さすがに今季の澤村はヒーローインタビューでも声を張らない。
それだけ自身のおかれた状況が見れている証拠だろうか。
恋女房・小林誠司との相性も3つ目(勝ち星)ともなると板についてきた。
不思議なもので、3つの負けと、勝ち負けのつかなかった登板は、
どれも阿部か實松がマスクをかぶった試合。
投げやすさがあるのか、勝ち星がついているのはすべて小林と組んだ3試合である。
もちろんこのバッテリーだって、この先いくつもの負けを経験して行くことになる。
しかし今季に限っては、最後までこの組み合わせにこだわって起用して欲しい。
澤村にしても、、今季7回の先発登板で、これだけ偏った結果が出ているということが、
気になっていないはずはない。
やはり、小林と勝っているという事実は、否応にも頭に残っているだろう。
高いレベルのプロの世界だからこそ、ちょっとしたメンタルの揺れ動きが大きな差となって結果に現れる。
短い戦いでは、流れや相性も重要な要素とよく言われる。
ここからの最終決戦までの戦い、そういったことに頼ってでも澤村には今の状態を維持してもらいたい。
5安打無失点のまま7回で降板した澤村だったが、この試合でもヒット数はカープが上回った。
結局、カープは3試合ともヒット数ではジャイアンツに勝ったものの、試合に勝つことは出来なかった。
ジャイアンツは1戦目、2戦目とロサリオに打ち込まれ、結果、3戦トータルで11打数7安打3四球、
うち本塁打が2本と痛い目にあわされた。先週のベイスターズ・グリエルとかぶるが、
そのグリエルを3戦目にどうにか抑えることが出来たように、ロサリオも3戦目でどうにか澤村が抑え込んだ。

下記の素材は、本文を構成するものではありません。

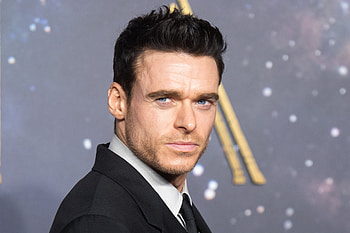 Richard Madden, Calvin Klein fragrance, Interview, Invigorating HD wallpaper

カープはこの3連戦、総じて守備や走塁でミスが目立った。
競った展開でのミスは命取りと言われるが、リーグ戦も競ったカタチでここまで来ると、
それはもう一試合の中だけの話では済まなくなる。
奪われるのはペナントの行方そのものになりかねない。
ここにきて勝敗が一方的になってしまうのが両チームの経験値なのだろうか。
それは、このジャイアンツ対カープ3連戦の裏で行われていた、
甲子園でのタイガース対ベイスターズ戦にも同じようなことが言える。
一戦目、久保の好投で1点リードのまま9回を迎えるが、
守護神・三上で逆転サヨナラ負け。
勝ち越し点となった最後のホームでのクロスプレイは、
完全にアウトのタイミングだったにもかかわらず、
キャッチャー・黒羽根のタッチミスで判定はセーフ。
二戦目は山口の完投で岩田に競り勝った。
アウェイでありながら一戦目、二戦目と、
間違いなくベイスターズのほうが主導権を握ってゲームを進めていた。
そんな流れで迎えた三戦目。
ベテラン三浦大輔の粘りのピッチングで6回表まで1点リードしていたベイスターズだったが、
その裏の守りでセンター桑原のイージーミスなどからまたもや逆転。
内野安打や送りバント、敬遠の四球などを絡めて、
きっちりとした野球をやったタイガースがこの試合もモノにし、
3連戦を2勝1敗で勝ち越した。
ベイスターズは3連戦3連勝の可能性が充分にあったところを、
ミスなどが絡んで守りきれず、結果、痛い負け越しとなった。
地の利もあったかも知れないが、結局はタイガースの粘り勝ち。
ベイスターズが守りきれず、攻めきれず、という図式。
こちらの3連戦もミスが命取りになった。
もちろん、まだまだペナントの行方はこの先も右往左往しそうである。
今季ここまで、粘りと守りで接戦をモノにしながら首位を守ってきたジャイアンツ。
くしくも、今季初のマジックが点灯した3連戦でも、その粘りと守りが勝敗を決し、
マジックの対象となったベイスターズが、甲子園でジャイアンツとは逆の展開で3連戦を負け越した。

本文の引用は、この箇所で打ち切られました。